Na terceira ocorrência, localizamos uma alusão ao estrangeiro em um desenho humorístico, onde existem três personagens em uma galeria de arte: duas moças e um senhor. Reconhecemos que o senhor é estrangeiro porque as moças referem-se a ele como ‘turista’ e pelo fato de o ‘turista’ carregar consigo grande quantidade de dinheiro de maneira explícita em seus bolsos. Para engrossar a representação de turista/“gringo cheio do dinheiro”, soma-se a circunstância de os personagens estarem, aparentemente, em uma galeria de arte, local onde não se costuma encontrar objetos de baixo valor. Além dessas observações, cabe também chamar atenção para os trajes formais do estrangeiro, acrescidos de uma bengala e uma cartola. Sua indumentária nos leva a duas possibilidades de contexto de origem: um lorde inglês, pelo traje em si, ou um americano, pela cartola que nos remete a um dos símbolos dos Estados Unidos da América, o Tio Sam.

Também, na contracapa da obra, temos a remissão ao americano, conforme descrito no início dessa seção – uma versão da Estátua da Liberdade, com vestes modernas, gravata borboleta e isqueiro aceso em lugar da tocha.

Concluímos que, na obra de Behar, o estrangeiro é representado de mais de uma maneira: nos personagens simbólicos da capa e contracapa; na figura de personagens históricos (D. Manuel e D. João V); de forma ampla e levando em conta o fator humano, no papel do Outro semelhante, aquele que, em contraste com o nosso sertanejo que não se apavora frente à calamidade da seca que o rodeia, teme os fenômenos da natureza, como os peruanos que se atemorizam com os terremotos que os atingem frequentemente; no papel do navegador, explorador, colonizador português; na figura do imigrante, com os franceses; na figura do turista/“gringo cheio da nota”, como o americano na galeria de arte; e, igualmente de forma ampla, no papel do Outro ameaçador, como o estrangeiro “rapaz”, e o Outro estranho, como o “árabe esquisito”.

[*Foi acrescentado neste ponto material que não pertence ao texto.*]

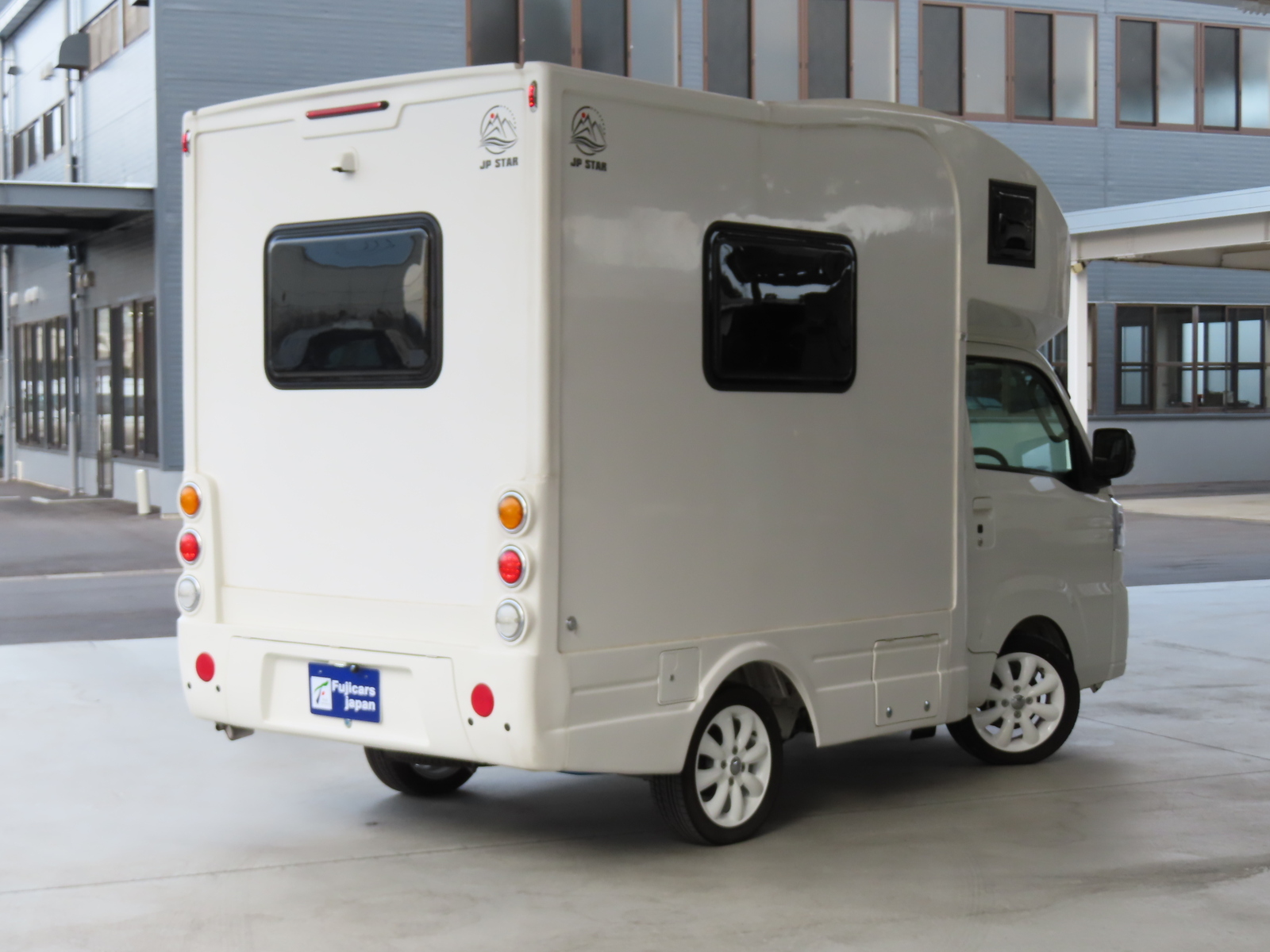 キャンピングカー軽キャンパー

Grande parte das representações do estrangeiro na obra de Behar não remete ao contexto temporal em que esta se inscreve. A maioria das representações do

estrangeiro ou aponta para o passado ou remete à sua condição primeira de humano: teme as catástrofes da natureza; aflige-se com a ameaça do desconhecido; incomoda- se com o diferente.